28 June 2016

A LIBERDADE ILUMINANDO O MUNDO


Pedro vive com 9 irmãos numa espelunca de paredes de cartão e janelas sem vidros onde o pai o espanca se ele se atreve a dizer que está cansado demais para mendigar. Pedro sonha com o dia em que será capaz de matar o velho e dedicar-se ao “dealing on the dirty boulevard”. Do outro lado, no Lincoln Center, estreia uma ópera à qual as “movie stars arrive by limousine” mas “the lights are out on the mean streets, a small kid stands by the Lincoln Tunnel selling plastic roses for a buck” e “the tv whores are calling the cops out for a suck”. E, como um fantasma cruel que paira sobre o "Dirty Boulevard" da New York (1989), de Lou Reed, escutam-se as palavras “Give me your hungry, your tired, your poor, I'll piss on 'em, that's what the Statue of Bigotry says, your poor huddled masses, let's club 'em to death and get it over with and just dump 'em on the boulevard”. Se, hoje, fosse viva, Emma Lazarus arrepiar-se-ia ao dar-se conta de como a História e o tempo obrigaram a que o seu poema, “The New Colossus”, fosse, inevitavelmente, desfigurado. Tradutora e poetisa, filha de emigrantes judeus sefarditas-ashkenazi de origem portuguesa e alemã, Emma escreveu em 1883 esse soneto com o objectivo de angariar fundos para a construção do pedestal da estátua da Liberdade, na Liberty Island, no porto de Nova Iorque.

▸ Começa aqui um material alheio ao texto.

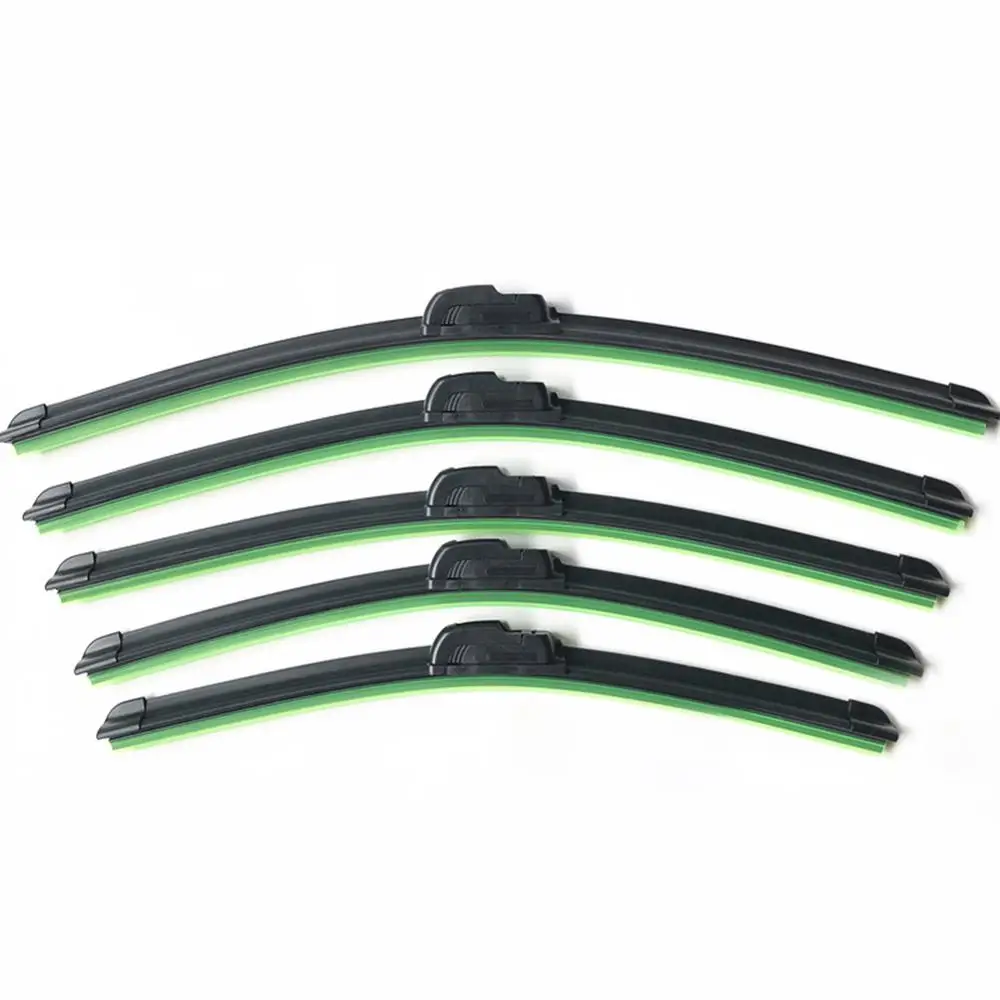 Universal Car Frameless Wiper Blade Rubber Strip Boneless Glass Wiper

Dedicava-se, por essa altura, ao auxílio a refugiados judeus em fuga dos "pogroms" anti-semitas na Europa de Leste. A eles dirigiu as palavras dos cinco versos finais do soneto que acabaria inscrito numa placa, na base da estátua: “Give me your tired, your poor, your huddled masses yearning to breathe free, the wretched refuse of your teeming shore. Send these, the homeless, tempest-tost to me, I lift my lamp beside the golden door!”. Irving Berlin adaptou excertos do poema no "musical" Miss Liberty (1949), no cinema, surgiria em Hold Back the Dawn (1941), um ano depois, em Saboteur, de Alfred Hitchcock, e, recitado em português, em Cristóvão Colombo – O Enigma (2007), de Manoel de Oliveira. Quando Lou Reed o repescou para "Dirty Boulevard", o acolhimento que os EUA de Ronald Reagan ofereciam às “tired, poor, huddled masses” estaria longe de ser exemplar mas seriam precisas quase três décadas até se atingir o grau supremo de selvajaria de que Donald Trump é o arauto. E, uma vez mais, “The New Colossus” foi chamado ao debate, pela mão de Andrew Bird. Em "Saints Preservus", do recente Are You Serious, acidamente, apela: “Bring me your poor and your trembling masses, bring them here, to shelter in your substructure parking lot”.